From-First-Principles Deep Learning

Micrograd From Scratch

A teaching-first deep learning build that reconstructs reverse-mode autograd, MLPs, optimizers, schedulers, and a tiny training stack in pure Python.

View GitHub Repo Open Benchmark JSON

Core Scope Autograd + MLP + Training

Scalar graph engine, model stack, optimizer step logic, and reproducible artifacts.

Best Benchmark Result Momentum

Best validation loss of 0.000002 on the shared tiny benchmark setup.

Engineering Intent Clarity Over Throughput

Readable internals first. This is meant to explain training mechanics, not compete with PyTorch.

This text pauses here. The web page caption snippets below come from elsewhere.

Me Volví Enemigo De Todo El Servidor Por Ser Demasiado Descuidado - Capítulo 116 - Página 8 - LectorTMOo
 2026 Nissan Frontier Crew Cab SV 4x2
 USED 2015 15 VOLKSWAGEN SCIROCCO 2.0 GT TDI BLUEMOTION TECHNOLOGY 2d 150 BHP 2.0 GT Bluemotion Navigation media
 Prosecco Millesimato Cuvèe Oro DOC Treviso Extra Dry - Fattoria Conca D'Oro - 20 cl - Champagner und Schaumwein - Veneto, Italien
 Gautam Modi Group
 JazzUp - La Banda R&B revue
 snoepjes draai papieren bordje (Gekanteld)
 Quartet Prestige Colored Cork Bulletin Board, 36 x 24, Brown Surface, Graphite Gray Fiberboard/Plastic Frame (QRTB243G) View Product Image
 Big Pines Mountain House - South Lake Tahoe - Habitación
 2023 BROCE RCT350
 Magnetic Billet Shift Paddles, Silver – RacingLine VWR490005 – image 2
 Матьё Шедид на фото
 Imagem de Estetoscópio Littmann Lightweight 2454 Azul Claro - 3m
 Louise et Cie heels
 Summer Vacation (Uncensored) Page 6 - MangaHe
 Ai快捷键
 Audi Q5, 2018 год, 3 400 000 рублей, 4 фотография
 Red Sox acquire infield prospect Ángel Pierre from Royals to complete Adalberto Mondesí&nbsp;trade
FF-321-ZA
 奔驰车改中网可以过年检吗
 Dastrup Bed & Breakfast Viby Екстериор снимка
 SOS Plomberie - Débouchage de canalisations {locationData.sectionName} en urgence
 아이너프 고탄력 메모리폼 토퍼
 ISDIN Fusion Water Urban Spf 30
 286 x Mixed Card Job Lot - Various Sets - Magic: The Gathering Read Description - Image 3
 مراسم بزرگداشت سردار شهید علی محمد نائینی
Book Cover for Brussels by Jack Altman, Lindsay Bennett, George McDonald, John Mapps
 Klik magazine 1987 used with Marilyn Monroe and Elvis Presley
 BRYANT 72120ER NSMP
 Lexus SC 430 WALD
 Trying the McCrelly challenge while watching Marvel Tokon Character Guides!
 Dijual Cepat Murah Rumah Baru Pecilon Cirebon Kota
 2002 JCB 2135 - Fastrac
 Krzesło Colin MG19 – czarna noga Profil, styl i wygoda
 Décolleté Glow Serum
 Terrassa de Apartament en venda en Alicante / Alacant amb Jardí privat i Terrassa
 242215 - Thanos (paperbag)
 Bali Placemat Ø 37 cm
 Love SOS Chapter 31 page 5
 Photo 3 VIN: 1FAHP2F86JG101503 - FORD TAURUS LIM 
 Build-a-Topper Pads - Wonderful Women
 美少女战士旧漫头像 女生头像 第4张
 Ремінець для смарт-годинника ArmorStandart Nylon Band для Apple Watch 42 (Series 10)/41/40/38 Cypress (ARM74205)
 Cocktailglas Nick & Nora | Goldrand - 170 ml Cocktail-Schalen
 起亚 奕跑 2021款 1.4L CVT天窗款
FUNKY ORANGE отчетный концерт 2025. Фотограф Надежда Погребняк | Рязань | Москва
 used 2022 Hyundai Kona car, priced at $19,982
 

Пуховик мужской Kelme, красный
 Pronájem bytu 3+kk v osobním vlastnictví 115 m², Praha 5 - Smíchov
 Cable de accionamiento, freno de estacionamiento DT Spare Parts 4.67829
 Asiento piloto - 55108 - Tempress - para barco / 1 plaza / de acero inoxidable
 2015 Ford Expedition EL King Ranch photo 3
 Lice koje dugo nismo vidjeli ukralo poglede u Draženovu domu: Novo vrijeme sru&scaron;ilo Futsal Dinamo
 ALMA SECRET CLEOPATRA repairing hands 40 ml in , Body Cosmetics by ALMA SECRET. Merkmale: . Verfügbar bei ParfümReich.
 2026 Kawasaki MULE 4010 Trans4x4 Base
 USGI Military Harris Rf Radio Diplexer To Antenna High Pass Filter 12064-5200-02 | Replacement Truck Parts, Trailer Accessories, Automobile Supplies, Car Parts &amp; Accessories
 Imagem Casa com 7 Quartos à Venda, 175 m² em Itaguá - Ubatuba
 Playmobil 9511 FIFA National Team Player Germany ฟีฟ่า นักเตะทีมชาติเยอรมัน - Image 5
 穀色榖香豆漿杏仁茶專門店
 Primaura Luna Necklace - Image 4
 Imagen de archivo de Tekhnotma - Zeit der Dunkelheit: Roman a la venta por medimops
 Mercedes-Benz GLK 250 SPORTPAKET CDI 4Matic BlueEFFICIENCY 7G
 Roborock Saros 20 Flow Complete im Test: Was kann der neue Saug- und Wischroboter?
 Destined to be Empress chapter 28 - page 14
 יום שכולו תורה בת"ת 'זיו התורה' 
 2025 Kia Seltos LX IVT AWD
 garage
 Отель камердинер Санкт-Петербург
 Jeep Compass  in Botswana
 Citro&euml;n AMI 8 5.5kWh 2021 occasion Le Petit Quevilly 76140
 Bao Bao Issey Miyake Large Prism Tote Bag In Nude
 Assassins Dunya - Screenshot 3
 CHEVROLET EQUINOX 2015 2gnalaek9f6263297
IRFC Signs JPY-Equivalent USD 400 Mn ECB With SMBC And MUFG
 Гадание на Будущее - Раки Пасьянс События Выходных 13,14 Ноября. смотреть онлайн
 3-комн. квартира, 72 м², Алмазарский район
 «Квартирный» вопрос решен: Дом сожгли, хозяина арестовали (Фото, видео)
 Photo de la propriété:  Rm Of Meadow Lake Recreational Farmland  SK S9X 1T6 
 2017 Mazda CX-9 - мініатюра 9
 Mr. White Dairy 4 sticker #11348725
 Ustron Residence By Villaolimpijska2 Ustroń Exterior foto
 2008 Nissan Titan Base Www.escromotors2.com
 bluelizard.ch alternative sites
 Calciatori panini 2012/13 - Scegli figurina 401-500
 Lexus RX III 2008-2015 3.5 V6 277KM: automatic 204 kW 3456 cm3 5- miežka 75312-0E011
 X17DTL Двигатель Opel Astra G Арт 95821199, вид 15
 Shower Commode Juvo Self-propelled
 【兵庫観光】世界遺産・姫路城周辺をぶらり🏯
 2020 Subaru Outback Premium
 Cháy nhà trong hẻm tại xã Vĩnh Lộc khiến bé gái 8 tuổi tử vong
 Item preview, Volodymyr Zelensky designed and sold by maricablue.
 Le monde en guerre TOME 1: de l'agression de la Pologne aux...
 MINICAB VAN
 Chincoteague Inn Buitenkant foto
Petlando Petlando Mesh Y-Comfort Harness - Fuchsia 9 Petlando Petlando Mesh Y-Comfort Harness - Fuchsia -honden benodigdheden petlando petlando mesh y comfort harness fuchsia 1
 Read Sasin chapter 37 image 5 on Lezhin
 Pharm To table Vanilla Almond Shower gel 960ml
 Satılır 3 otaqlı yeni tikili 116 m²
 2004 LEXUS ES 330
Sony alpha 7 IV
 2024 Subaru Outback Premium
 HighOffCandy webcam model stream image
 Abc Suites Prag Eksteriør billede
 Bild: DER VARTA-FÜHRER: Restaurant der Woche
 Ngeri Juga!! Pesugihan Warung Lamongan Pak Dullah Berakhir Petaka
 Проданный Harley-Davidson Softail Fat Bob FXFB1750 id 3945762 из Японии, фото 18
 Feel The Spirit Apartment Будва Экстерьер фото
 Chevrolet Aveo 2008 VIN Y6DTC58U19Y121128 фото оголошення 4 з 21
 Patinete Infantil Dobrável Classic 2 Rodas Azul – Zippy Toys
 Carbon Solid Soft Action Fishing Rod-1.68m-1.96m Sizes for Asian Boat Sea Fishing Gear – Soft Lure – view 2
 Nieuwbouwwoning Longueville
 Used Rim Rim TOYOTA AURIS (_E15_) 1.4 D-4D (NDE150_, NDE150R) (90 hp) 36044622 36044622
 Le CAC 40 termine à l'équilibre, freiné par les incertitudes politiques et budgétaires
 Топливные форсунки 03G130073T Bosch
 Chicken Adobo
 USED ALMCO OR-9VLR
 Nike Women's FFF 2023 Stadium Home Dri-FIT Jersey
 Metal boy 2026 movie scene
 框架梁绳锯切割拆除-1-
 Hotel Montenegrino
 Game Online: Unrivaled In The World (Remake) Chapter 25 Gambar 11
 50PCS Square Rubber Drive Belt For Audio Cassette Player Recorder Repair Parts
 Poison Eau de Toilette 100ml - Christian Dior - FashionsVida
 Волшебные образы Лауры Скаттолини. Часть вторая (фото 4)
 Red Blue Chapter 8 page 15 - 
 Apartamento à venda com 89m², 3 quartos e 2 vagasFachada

What This Project Rebuilds

Scalar Value graph objects with reverse-mode backpropagation
Neuron, Layer, and MLP abstractions
SGD, Momentum, and Adam optimizers
Learning-rate schedulers and gradient clipping support
Mini-batch training, train/validation tracking, and benchmark artifact generation

Why It Matters

The point of the project is not novelty. The point is implementation-level understanding. Rebuilding the stack exposes how gradients flow, how optimizers actually update parameters, and what tradeoffs appear once you stop relying on framework internals.

Training Flow

Forward Pass
Build scalar graph

→

Backward Pass
Reverse-topological grad accumulation

→

Optimizer Step
Update parameter data

→

Trainer
Batching, metrics, scheduler

Optimizer Benchmark

Same dataset split, seed, architecture, and learning rate. Only the optimizer changes.

Read benchmark notes

Optimizer	Final Train Loss	Final Val Loss	Best Val Loss	Best Epoch
SGD	0.010457	3.068415	0.773429	1
Momentum	0.000223	0.000002	0.000002	41
Adam	0.000408	0.002925	0.002925	60

Design Tradeoffs

Scalar-level autograd keeps internals visible but makes training slow.
Small abstractions keep the code readable for learning and interview discussion.
The benchmark is intentionally tiny, so its results should be interpreted as educational, not general.

Limitations

No tensor backend, GPU support, mixed precision, or serious throughput story.
Numerical stability is limited compared with mature frameworks.
This is a proof-of-understanding artifact, not a production training library.